Vor fünf Jahren starb der Zeichner und Kinderbuchautor Maurice Sendak

Künste können nicht miteinander. Wo zwei sich treffen, muss eine regieren. Was aber fängt jemand an, der beides ist, Maler und Poet? Biographisch bleibt bei Maurice Sendak kein Zweifel: Er hat manchmal gedichtet und immer gemalt. Die Poesie begleitet ihn eine Weile, dann nicht mehr. In den letzten 30 Jahren schreibt er zwei Bücher, eins davon selbst.

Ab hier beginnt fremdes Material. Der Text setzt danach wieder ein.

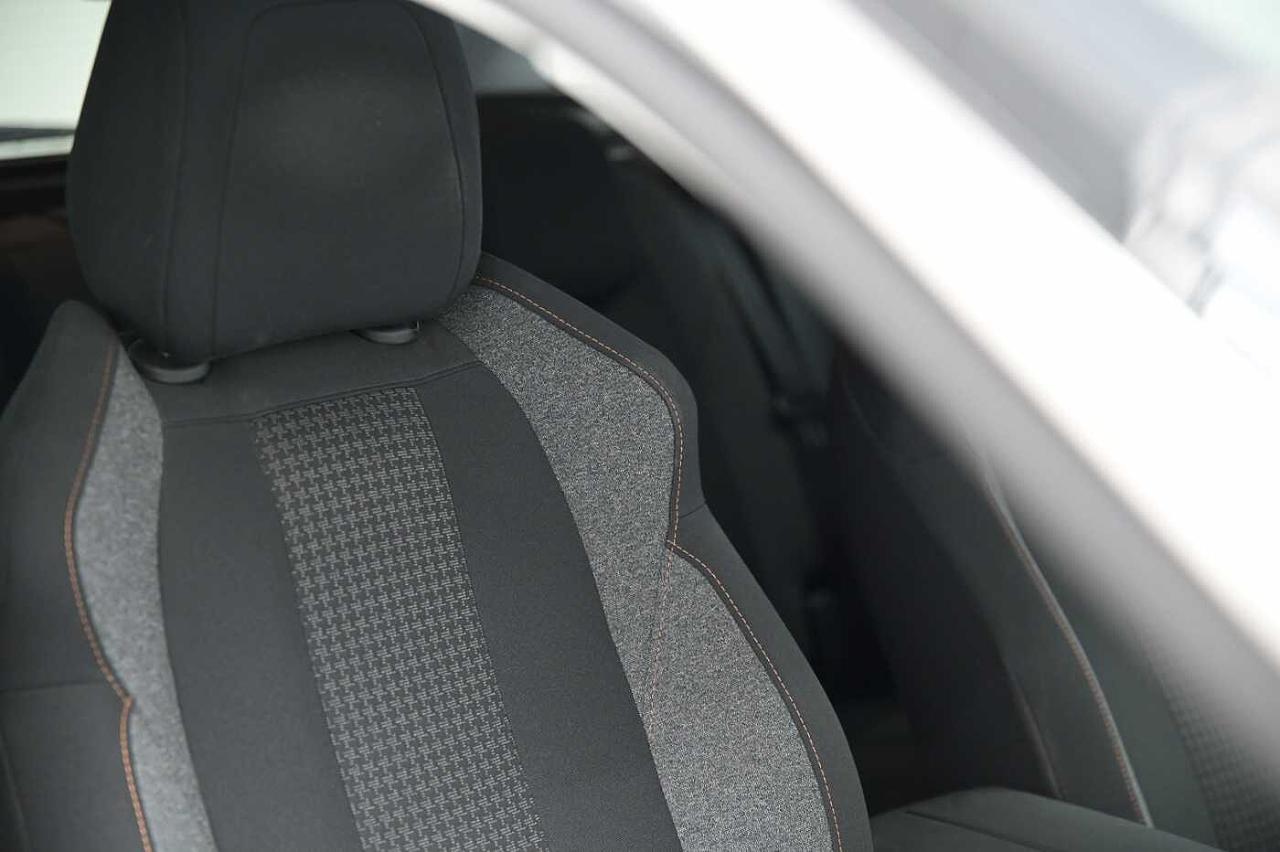 Peugeot Peugeot 3008 usata, con chiusura automatica delle porte in marcia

Mit Blick aufs Genre verkehrt sich das Verhältnis. Auch wenn die seltene Doppelbegabung ermöglichte, Bild und Text gemeinsam wachsen zu lassen, bleibt das Bild auxiliar, auf den Text bezogen. Der wieder ist in seinem Wortbestand eine Version der Erzählung. Poetisch ist nicht allein das Wort, bereits der Einfall entscheidet. Zöge man dem Jahrhundertwerk »Wo die wilden Kerle wohnen« Illustration und poetische Sprache ab, verlöre es gewaltig, und dennoch bliebe im Kern die Erzählung, durch die erst spezifische Bedeutung entsteht. Aus demselben Grund funktionieren Mythen über Jahrtausende und unzählige Adaptionen hinweg. Maurice Sendak, der genuine Maler, war nicht bloß auch in der Erzählung genial. Er war es gerade dort.

Stil und Technik seiner Bilder variieren, was im Kinderbuchgenre selten ist. Sie sind artifiziell, vielleicht zu sehr für den kindlichen Horizont. Derart erinnert Sendak mehr noch an Ensikat und Erlbruch, die er wohl nicht kannte, als an Caldecott und Potter, auf die er sich oft bezog. Kaum zu überschätzen ist der Einfluss der Deutschen Romantik. »Als Papa fort war« ist so sehr Runges Stil nachgebildet, dass man sich gar nicht wundert, dessen Portrait darin wiederzufinden.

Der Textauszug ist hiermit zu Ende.